II. There was a standing testimony, for let me so turn it here, which, although it proved not the matter without doubt, yet it was not rejected by the judges, but admitted to examination by citation, that is, others being admitted to try to disprove it if they could.
III. There was the testimony of the words of them that agreed or fitted together (this also was a standing evidence), when the words of two witnesses agreed, and were to the same purpose: an even evidence. Of these, see the tract Sanhedrin; where also discourse is had concerning exact search and examination of the witnesses by inquisition, and scrutiny, and citation: by which curious disquisition if they had examined the witnesses that babbled and barked against Christ, Oh! the unspeakable and infinite innocence of the most blessed Jesus, which envy and madness itself, never so much sworn together against his life, could not have fastened any crime upon!
It is said, verse 55, they sought for witness against Jesus. This is neither equal, O fathers of the Sanhedrim! nor agreeable to your rule: In judgments about the life of any man, they begin first to transact about quitting the party who is tried; and they begin not with those things which make for his condemnation. Whether the Sanhedrim now followed that canon in their scrutiny about Christ's case, let them look to it: by their whole process it sufficiently appears, whither their disquisition tended.
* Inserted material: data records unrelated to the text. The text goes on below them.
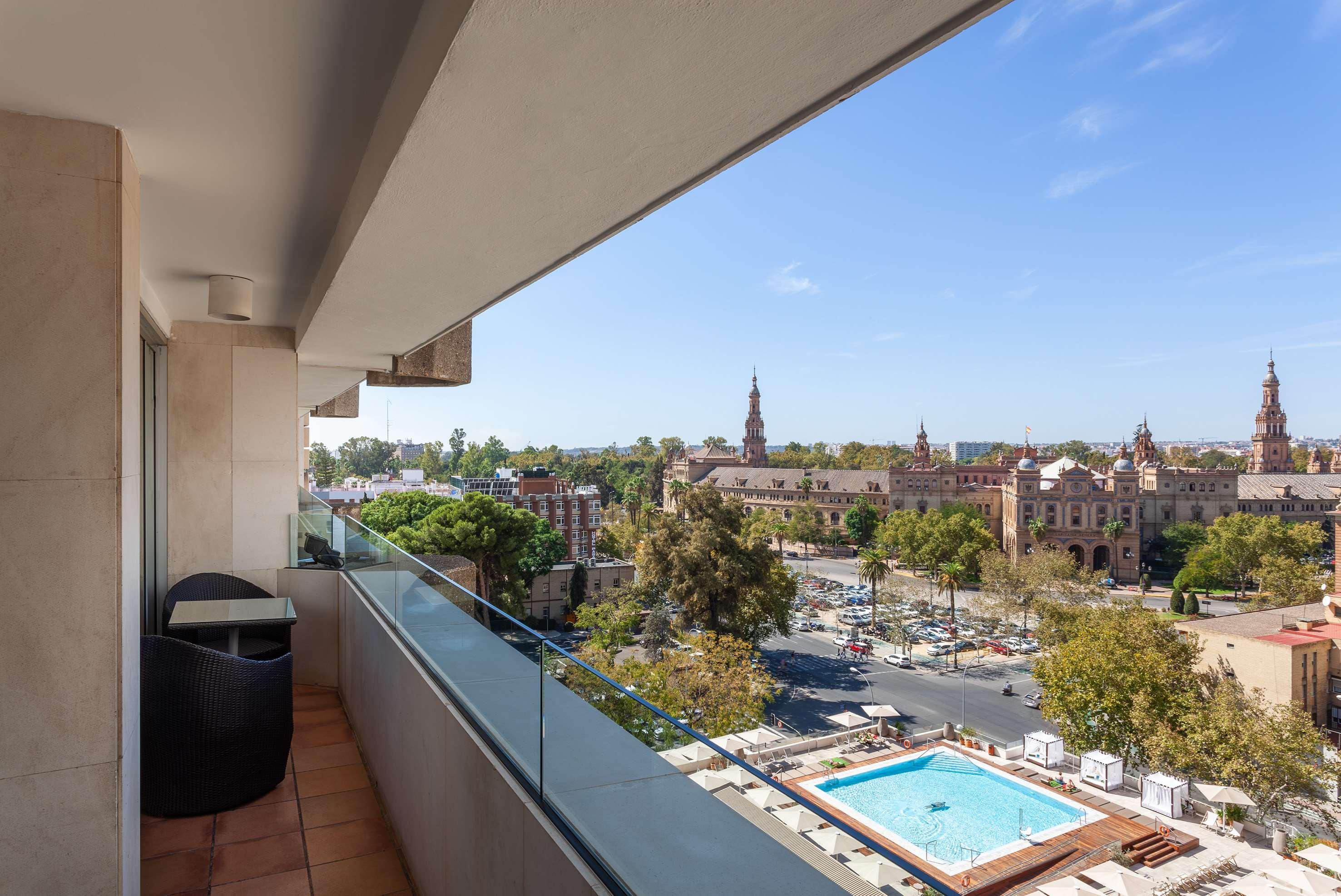 The Level At Melia Sevilla Luaran gambar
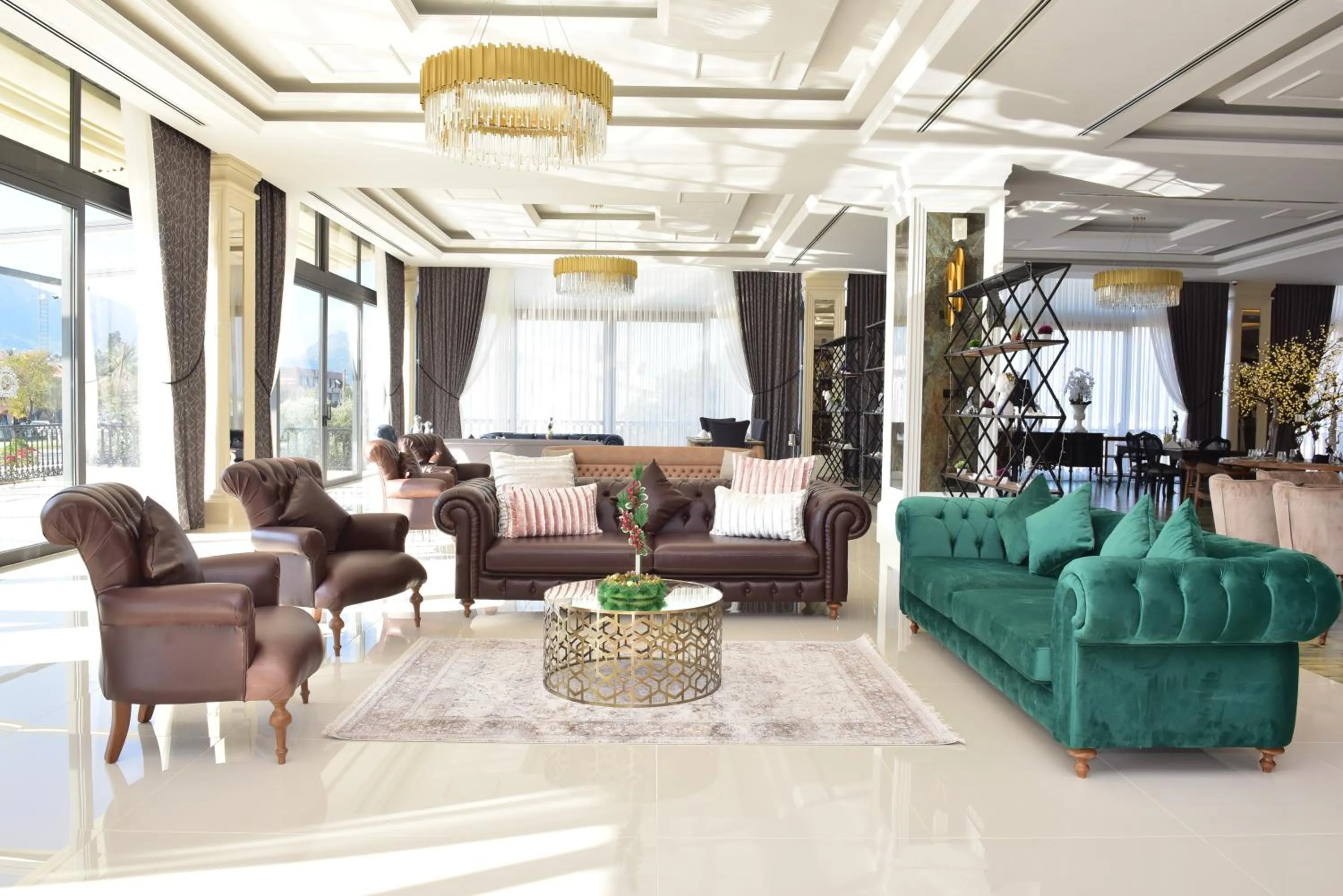 Seating area in Mc Palace Hotel Spa & Convention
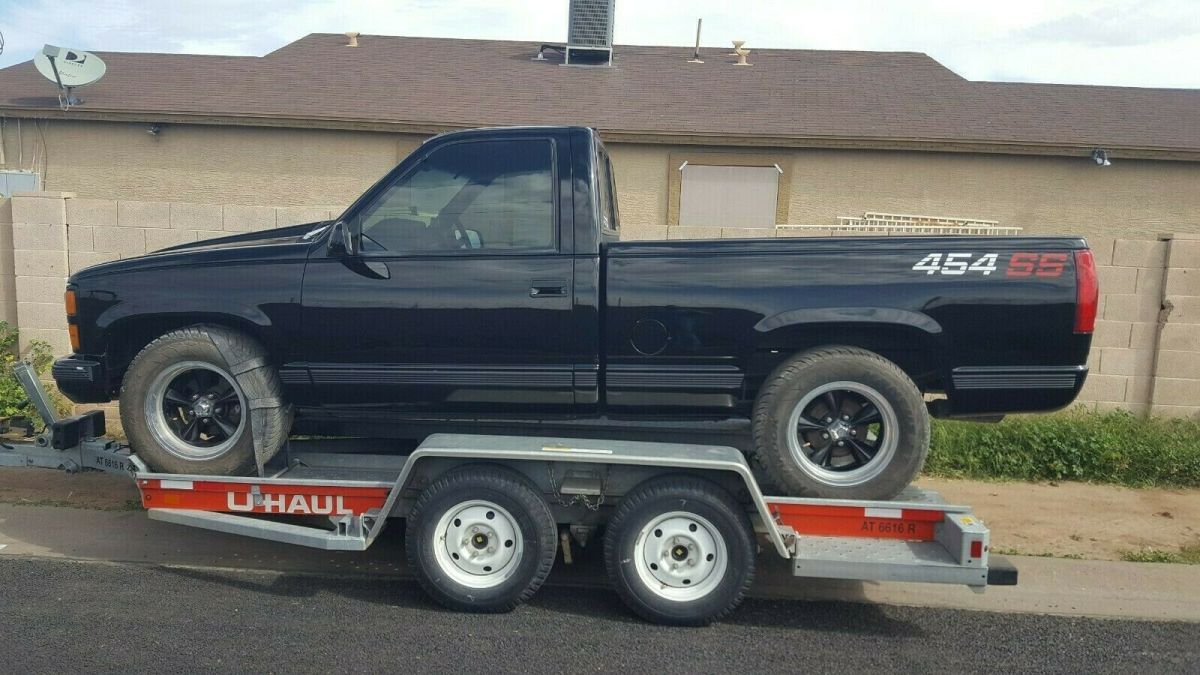 1992 Chevrolet C/K Pickup 1500 Standard Cab Pickup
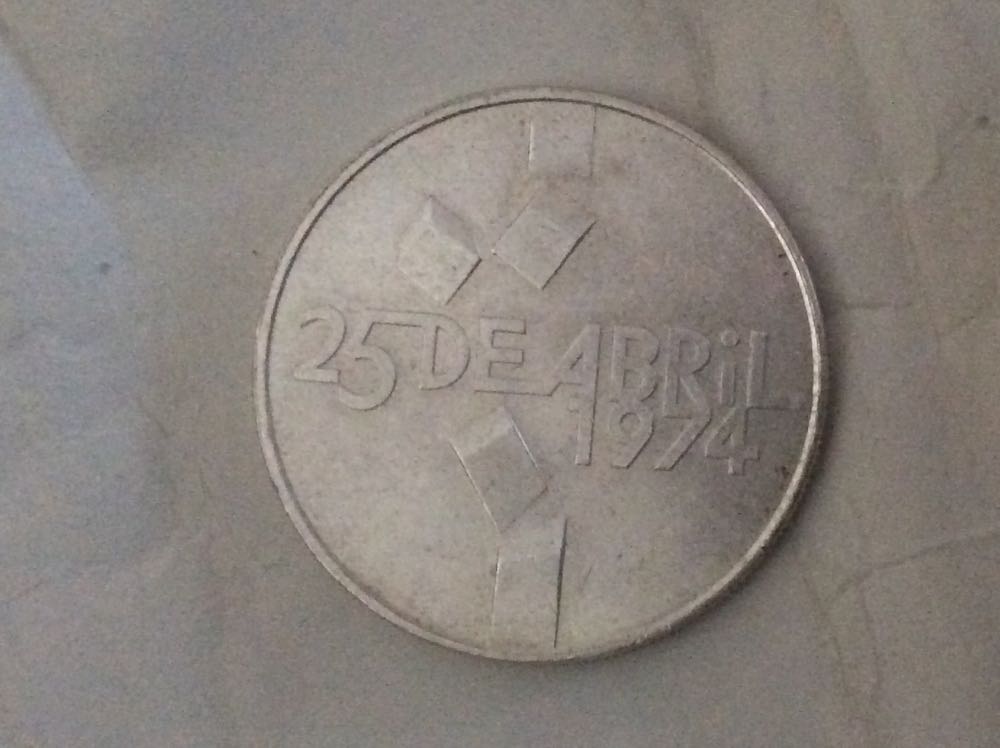 100 Escudos  coin collectible - Main Image 2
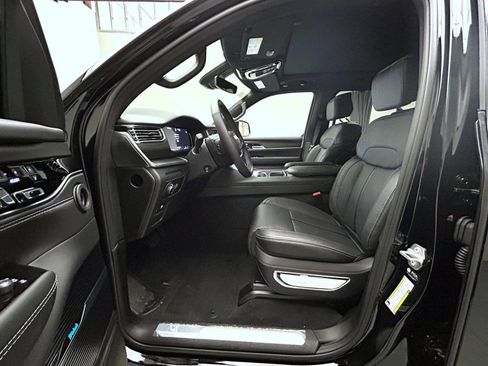 New 2026 Jeep Grand Wagoneer Summit AWD/4WD image 10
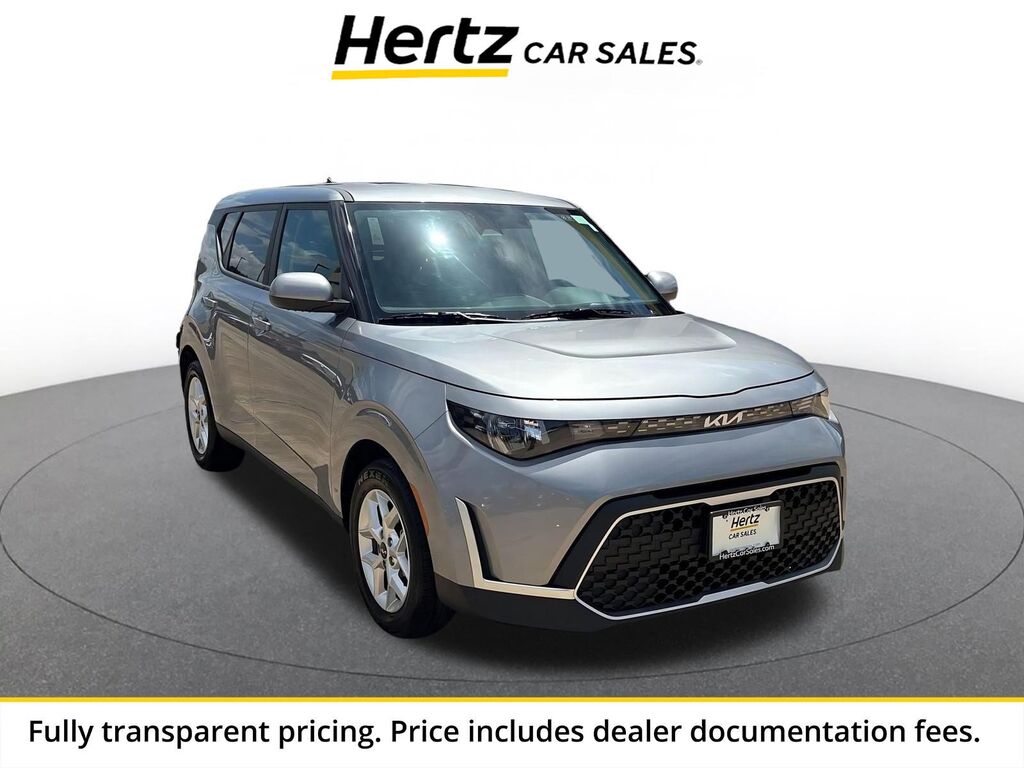 2025 Kia Soul LX — photo 1 of 2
And let it be granted, that they pretended some colour of justice and mercy, and permitted that any one who would, might come forth, and testify something in his behalf, where was any such now to be found? when all his disciples turned their backs upon him, and the Fathers of the Traditions had provided, that whosoever should confess him to be Christ should be struck with the thunder of their excommunication, John 9:22.